There is no fear in love: but perfect love casteth out fear, because fear hath punishment; and he that feareth is not made perfect in love.

We love, because he first loved us. If a man say, I love God, and hateth his brother, he is a liar: for he that loveth not his brother whom he hath seen, cannot love God whom he hath not seen.

And this commandment have we from him, that he who loveth God love his brother also.

1 John 4:18‭-‬21 ASV

(1) The apostle John here presents one after another all but impossible levels of Christian attainment the love of all people with a self-sacrificing love like that of Christ.

(2) The living of a life free from every sin.

(3) Confidence in the hour of the final judgment when people are pleading for the rocks and the mountains to fall upon them.

(4) The banishment of all fear; and notice that last phrase made perfect in love.

Is this anything less than the total God-like perfection enjoined by Jesus Christ in Matthew 5:48?

Indeed, it is the same thing, exhibited, even as it was by the author of James, as God’s basic requirement of all who would be saved!

Impossible for people?

Certainly, except in the manner revealed in Christ.

To those who are “in Christ” and who abide in him, loving him, following him, obeying him to the fullest extent of human ability – to all such persons shall be given and certified the very blessings in view here; and thus “in Christ” they may attain the unattainable!

Verse 19
We love, because he first loved us.

Inherent in this epic declaration is the fact that Christ was not crucified in order to persuade God to love people, but because God already loved mankind, the divine love preceding the entire program of redemption, and even more, existing in the heart of God even before the world was.
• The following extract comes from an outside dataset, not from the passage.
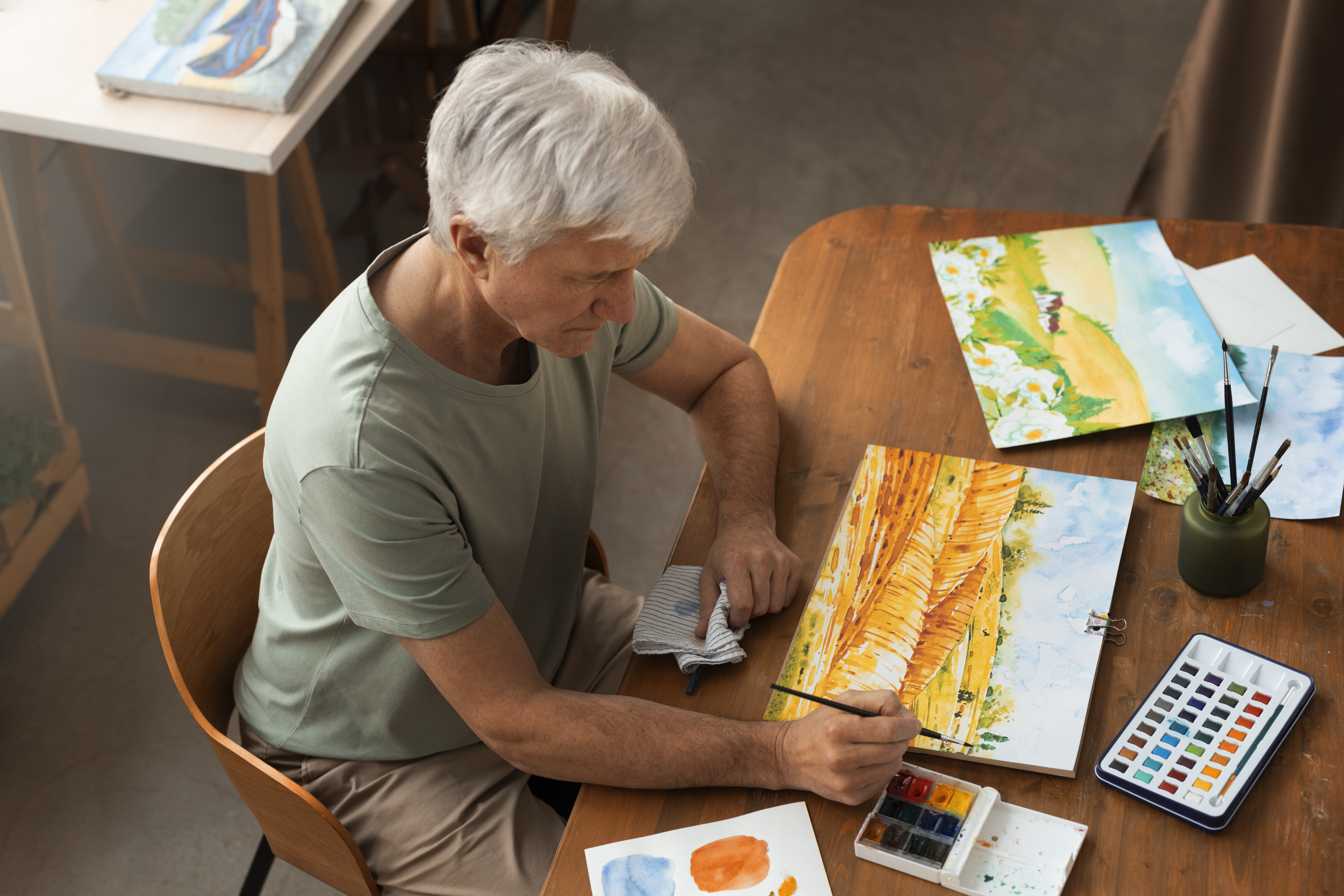 10 Hobbies Retirees Can Turn into an Income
One great purpose of the cross was that of persuading people to receive the salvation God was so willing to give.

Another truth evident in this is that, our love (whether of God or man) is a plain duty to us, since God first loved us.

It should be considered by all that the very fact of God’s loving sinful and fallen humanity provides a powerful incentive for all perceptive souls to do likewise.

Why did God love fallen and sinful men?

Even their being sinful did not change the fact that they had been designed and created in the image of the Father; and through God’s provident mercy, all of the moral and eternal consequences of their sins were potentially removable, through the means God revealed.

Moreover, the disaster which had fallen upon humanity in the events of the Fall, had actually been brought upon them by the seduction and skillful cunning of their inveterate enemy, Satan.

God pitied those human creatures who were so heartlessly betrayed and ruined by the sadistic moral rape of their innocence in Eden; and pity is never very far from love.

And should not similar considerations today lead every Christian in the direction of loving all people, every man, who like himself is a victim of sin, and yet is potentially an heir of eternal glory as a beneficiary of the blood of Christ?

Such love flows from the nature of the lover, and not from the worthiness of the one loved.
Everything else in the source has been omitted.